After two weeks of dithering, I just Fedexed my copy-edited manuscript to Harcourt in New York. That's it on the left there, 270 pages of it--the yellow post-it notes are the changes, mostly responses to style questions. I have style issues up the ying-yang because my setting is an island settled 300 years ago, whose inhabitants have renamed plants, animals, and themselves according to function. And modern Islanders still lapse into archaic English. That'll teach me.
So, should the Island name for rockweed be Cropfodder or cropfodder? Does the wood of the Sap Tree have to be Sap Tree Wood, or can we shorten it to Sapwood? Should unspoken quotations from The Book be italicized and in quotation marks, or just italicized? How about words-used-as-words (e.g. "The word of the hour is 'blabber.'")--should they be italic or just in quotes?
Oh, and would some Mainland trader have told an Islander about sweaters for the first time in 1900?
There were only a few content questions like that one (and the sailboat issue I mentioned in my last post). Some of the answers were in my head but some meant I got to revisit a few research sources--such as the Old Sturbridge Village site to find out exactly what the grist mill and sawmill should look like (for the map, I guess).
And just today the Oxford English Dictionary reminded me that "dost" is second-person singular and I twice had it first-person singular. And despite what you may hear on TV, the -eth ending on a verb ("he stinketh") is third person only.
I think I need to get out more.
I also got to check out a brand new library book, which the local librarian discovered and lusted after when I asked for help with the sweater question. It's No Idle Hands: The Social History of American Knitting and it shows pretty conclusively that Americans didn't know about sweaters until the late 1800s.
Ah, the writing life. Glamorous, ain't it?
9 comments:
Hmph, seems weird to learn "The Man" has a real name....
Kzspot
Did you think his parents called him "Man"?
Why, yes, yes I did.
*looks crosseyed at Martje*
Kzspot
Thought so, too! :-D
Wow, that looks like a pile of work, that manuscript! Congratulations!!!
Noooo!!! I didn't want to be anonymous!
~Em
First name The, last name Man. What's so strange about that?
Ellen
Methinks you've spent too much time on Island. :P
Doesn't it feel good to get those copy-edits done and out of the house?!
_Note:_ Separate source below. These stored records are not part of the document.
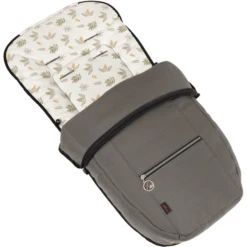 Hartan SoWi Voetenzak Past Op Alle GTS Modellen Causal Collection Green Nature (916) 6 Hartan SoWi Voetenzak Past Op Alle GTS Modellen Causal Collection Green Nature (916) -Winkel Voor Kinderwagens En Accessoires hartan sowi voetenzak past op alle gts modellen causal collection green nature 916 a389591 2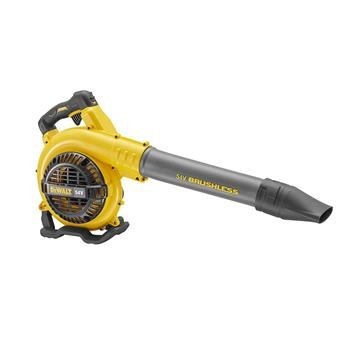 Fukar na listí DEWALT DCM572N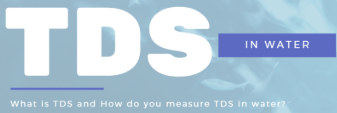 Suda TDS – TDS nedir ve Arduino ile suda TDS nasıl ölçülür?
I have to say, Ellen, I got a kick out of all the decisions you had to make. :)
Way to go!
Does it make me a writing nerd because I found it absolutely fascinating to read about somebody else's copy edits? It's so cool the stuff that your copy editor picked up on. I thought I knew my grammar, but I never would have known many of those things. Must feel good to have that all taken care of now. And I have to admit, I liked the picture, too. It looks so official somehow.